• What this task involves:
Write out, character for character, the line containing "A black iron" and all lines after it up to the end of the listing.

● ● ●

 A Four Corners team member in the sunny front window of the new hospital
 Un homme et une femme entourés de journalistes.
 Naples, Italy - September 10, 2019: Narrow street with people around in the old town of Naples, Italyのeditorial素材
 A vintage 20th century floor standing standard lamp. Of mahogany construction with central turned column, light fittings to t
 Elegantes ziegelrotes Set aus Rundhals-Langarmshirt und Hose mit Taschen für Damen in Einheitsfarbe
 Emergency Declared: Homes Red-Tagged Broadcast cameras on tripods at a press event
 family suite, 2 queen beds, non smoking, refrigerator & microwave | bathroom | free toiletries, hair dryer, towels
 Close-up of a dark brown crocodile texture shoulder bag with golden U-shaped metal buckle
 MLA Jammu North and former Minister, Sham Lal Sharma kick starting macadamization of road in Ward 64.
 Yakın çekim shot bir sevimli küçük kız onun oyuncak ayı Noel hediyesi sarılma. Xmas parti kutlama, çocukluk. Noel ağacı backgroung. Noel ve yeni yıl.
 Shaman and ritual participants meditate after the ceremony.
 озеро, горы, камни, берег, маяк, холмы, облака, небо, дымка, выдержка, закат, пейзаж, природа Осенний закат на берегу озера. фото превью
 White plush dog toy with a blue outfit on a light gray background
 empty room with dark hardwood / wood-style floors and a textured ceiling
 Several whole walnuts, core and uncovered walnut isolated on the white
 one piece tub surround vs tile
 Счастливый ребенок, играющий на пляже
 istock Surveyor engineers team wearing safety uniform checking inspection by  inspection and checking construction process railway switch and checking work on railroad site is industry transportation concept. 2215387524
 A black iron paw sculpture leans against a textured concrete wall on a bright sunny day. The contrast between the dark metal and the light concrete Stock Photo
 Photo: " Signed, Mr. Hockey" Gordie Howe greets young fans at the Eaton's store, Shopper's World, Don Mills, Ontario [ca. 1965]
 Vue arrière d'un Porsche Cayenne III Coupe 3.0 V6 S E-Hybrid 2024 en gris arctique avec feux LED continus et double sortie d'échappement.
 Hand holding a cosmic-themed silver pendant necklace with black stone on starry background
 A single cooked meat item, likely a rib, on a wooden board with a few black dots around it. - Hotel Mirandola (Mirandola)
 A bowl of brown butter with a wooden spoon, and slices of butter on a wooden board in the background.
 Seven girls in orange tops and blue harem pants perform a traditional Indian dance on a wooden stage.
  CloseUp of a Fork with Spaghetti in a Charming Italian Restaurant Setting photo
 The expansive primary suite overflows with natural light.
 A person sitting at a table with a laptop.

● ● ●

• Exercise answer:
 A black iron paw sculpture leans against a textured concrete wall on a bright sunny day. The contrast between the dark metal and the light concrete Stock Photo
 Photo: " Signed, Mr. Hockey" Gordie Howe greets young fans at the Eaton's store, Shopper's World, Don Mills, Ontario [ca. 1965]
 Vue arrière d'un Porsche Cayenne III Coupe 3.0 V6 S E-Hybrid 2024 en gris arctique avec feux LED continus et double sortie d'échappement.
 Hand holding a cosmic-themed silver pendant necklace with black stone on starry background
 A single cooked meat item, likely a rib, on a wooden board with a few black dots around it. - Hotel Mirandola (Mirandola)
 A bowl of brown butter with a wooden spoon, and slices of butter on a wooden board in the background.
 Seven girls in orange tops and blue harem pants perform a traditional Indian dance on a wooden stage.
  CloseUp of a Fork with Spaghetti in a Charming Italian Restaurant Setting photo
 The expansive primary suite overflows with natural light.
 A person sitting at a table with a laptop.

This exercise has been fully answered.